SAN FRANCISCO (KPIX) - After a rocky start, the COVID-19 vaccine rollout is starting to pick up the pace and there may be a dramatic shift in a matter of weeks.

When the vaccine rollout was just beginning in early and mid-January, experts were predicting at long timeline to widespread vaccinations. They thought logistics might be in place in a couple of months, and vaccine deliveries ramped up by summer time. That schedule may have been too conservative.

"We are so pleased," said Sandra Hsu after getting vaccinated in San Francisco. "We signed up during the Super Bowl on Sunday. Just two days ago!"

The vaccine push continues from Moscone Center, to the Valley Bible Church parking lot in Hercules.

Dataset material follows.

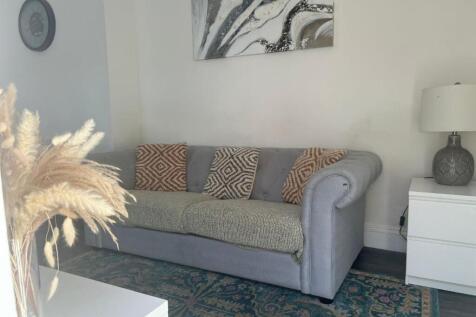 WhatsApp Image 2026-05-27 at 12.24.58 (1).jpeg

"We are starting to get a cookie-cutter pattern, where we can move it from site to site, make it site-specific," said Battalion Chief Victor Bontempo of Richmond Fire.

Practice makes perfect, and it's on display in more and more places. In fact, California's ability to deliver vaccine has been put together several weeks faster than a lot of experts thought possible.

"All of this is really good news," says Dr. John Swartzberg of UC Berkeley. "We're working on the logistics piece of it, and we're starting to see the fruits of that."

The other half of the challenge is supply, and there are signs that situation will improve soon, as well. Pfizer and Moderna are both increasing their production estimates. The Biden administration is increasing deliveries to the states starting next week. And then the Johnson and Johnson vaccine could be approved, and in use, as soon as the first week in March.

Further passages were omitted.